You say tomato. I say scrunchie. You say wrist coil key holder. I say whatever, you know what I mean. I used to ride a bike a lot and I used to lock and unlock my bike a lot. A lot a lot. So much so that I suffered from phantom ass pocket U lock syndrome for many months after I turned back into a plain old bike commuter. As a messenger I tried many tricky tricks and strings and things to keep track of my key. After messing around with a bunch of silly contraptions I finally settled on the 89 cent wrist coil and stuck with it. These colorful coils were often available free in a big cookie jar at Perkins Coie reception or they could be purchased at a huge mark-up from a locksmith on Capitol Hill. These coils vary in quality and elasticity.
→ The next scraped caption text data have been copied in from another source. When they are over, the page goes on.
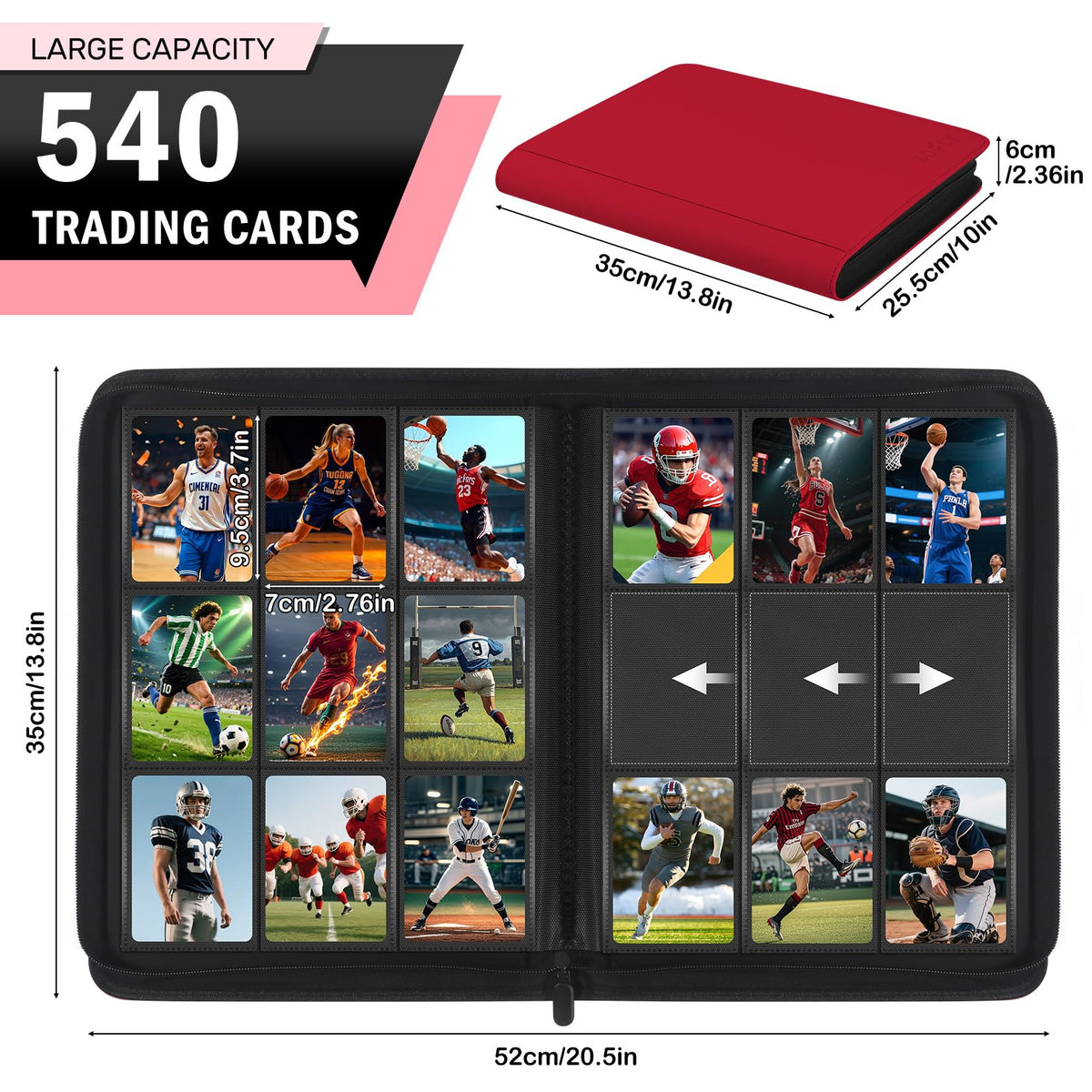 Zofly binder interior pages with side-loading sleeves for secure card placement.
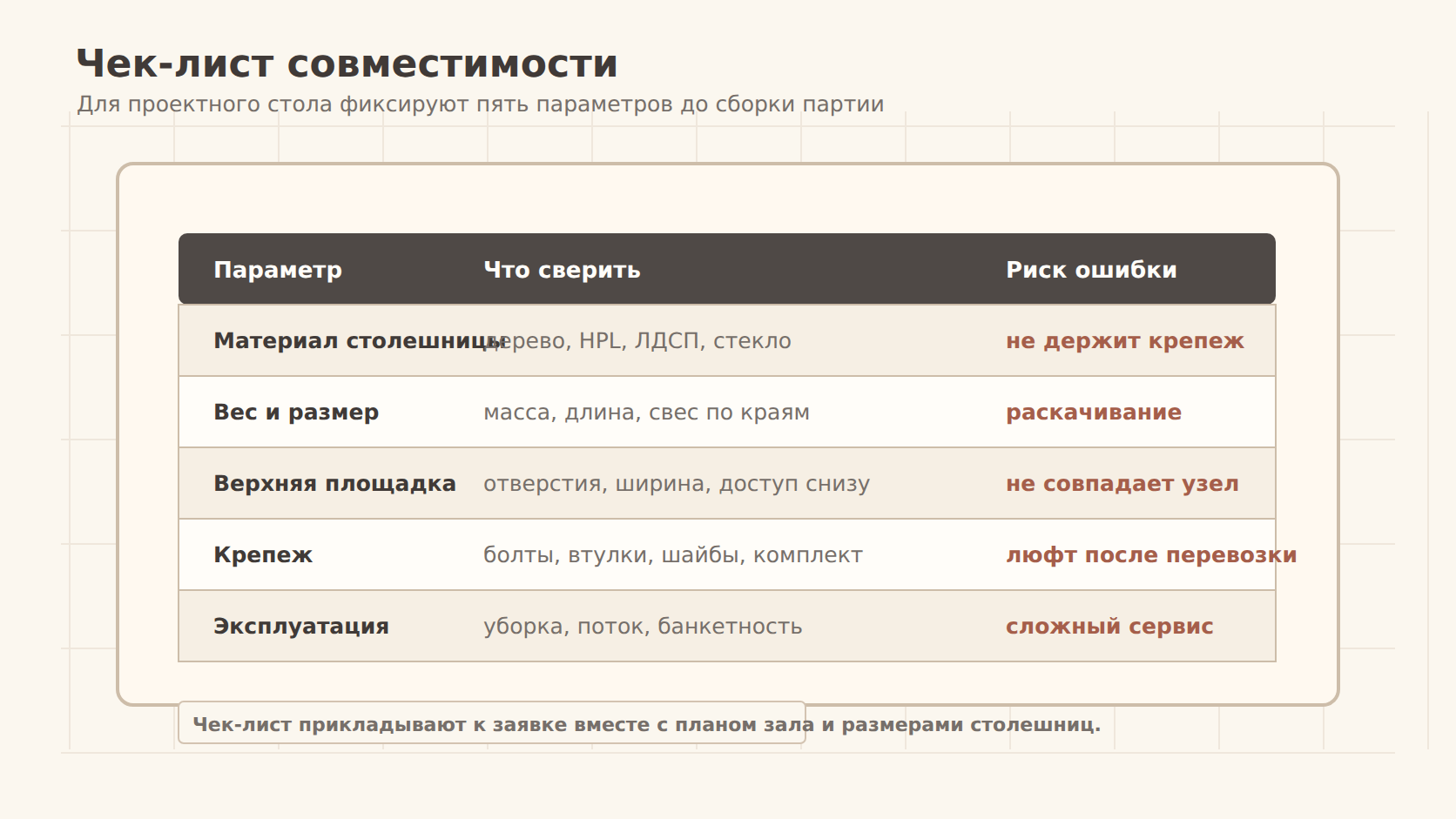Чек-лист совместимости столешницы и подстолья перед заказом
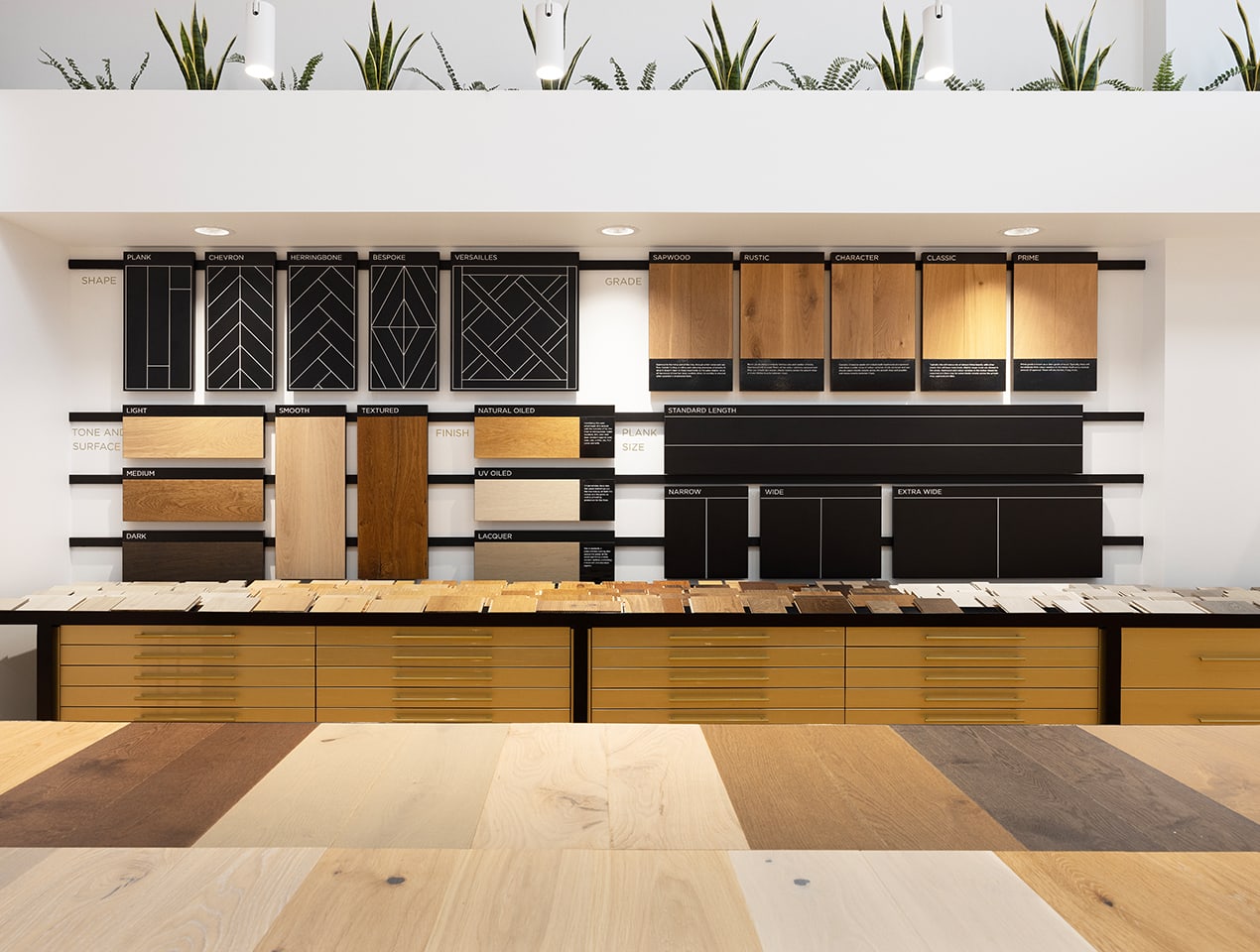 Havwoods Brisbane Showroom Sample Tables and Story Wall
Some would never spring back when the temperature dropped below 40. Some lasted two weeks. Some lasted two months. But the one I had until yesterday lasted over 7 years. Seven fucking years for 89 cents.
It seems silly to trust a cheap ass piece of plastic with the key to your ride. But it works. It worked for me and it still does until it doesn’t. Yesterday when I was drinking a cup of coffee and I heard a clang when some keys hit the floor and I thought somebody chucked their keys at me until I realized they were my keys and my scrunchie broke.
One day yesteryear I was standing in line at the Broadway post office when Art KnR handed me my scrunchie and key. He found it on the ground next to my locked up bike where I dropped it when I took off my gloves. Thanks Art.
Another day in the late 90s I rode up and down Second Avenue retracing all my stops looking for my scrunchie. After about 30 minutes of zigzagging around I reached in my bag and there was my scrunchie still on the right sleeve of the shirt I took off 30 minutes earlier.
The scrunchie lived most of its life in the crook of my right elbow with trips to the wrist to take care of business. It was an essential part of the pat down preparedness check performed each morning and countless times a day. Especially after passing through courthouse security. The pat down covered key elements like U-lock, scrunchie, pen, wallet, phone and to the untrained eye it looked kind of like a third base coach sending signals to the runner on first.
Yesterday my scrunchie broke and now I need a new one.